— What you are asked to do —
The "Коста Рика 50" line through the end of the listing below is what to set down, word for word, and nothing else.

— Records shown —
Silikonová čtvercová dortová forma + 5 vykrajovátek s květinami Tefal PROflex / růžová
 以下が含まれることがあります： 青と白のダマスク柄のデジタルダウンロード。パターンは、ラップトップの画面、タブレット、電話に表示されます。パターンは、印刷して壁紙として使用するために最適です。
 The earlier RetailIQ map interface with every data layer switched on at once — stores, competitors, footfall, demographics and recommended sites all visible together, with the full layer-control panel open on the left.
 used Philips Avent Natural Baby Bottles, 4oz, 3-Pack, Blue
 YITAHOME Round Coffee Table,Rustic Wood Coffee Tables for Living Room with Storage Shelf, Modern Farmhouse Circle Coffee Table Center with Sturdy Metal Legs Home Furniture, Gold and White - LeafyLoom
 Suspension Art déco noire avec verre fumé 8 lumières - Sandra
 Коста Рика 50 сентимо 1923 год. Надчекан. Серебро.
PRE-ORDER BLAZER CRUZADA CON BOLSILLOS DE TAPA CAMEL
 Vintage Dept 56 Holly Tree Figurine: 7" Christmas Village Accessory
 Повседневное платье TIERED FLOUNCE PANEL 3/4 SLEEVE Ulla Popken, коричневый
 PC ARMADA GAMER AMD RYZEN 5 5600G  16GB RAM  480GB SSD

— Task solution —
 Коста Рика 50 сентимо 1923 год. Надчекан. Серебро.
PRE-ORDER BLAZER CRUZADA CON BOLSILLOS DE TAPA CAMEL
 Vintage Dept 56 Holly Tree Figurine: 7" Christmas Village Accessory
 Повседневное платье TIERED FLOUNCE PANEL 3/4 SLEEVE Ulla Popken, коричневый
 PC ARMADA GAMER AMD RYZEN 5 5600G  16GB RAM  480GB SSD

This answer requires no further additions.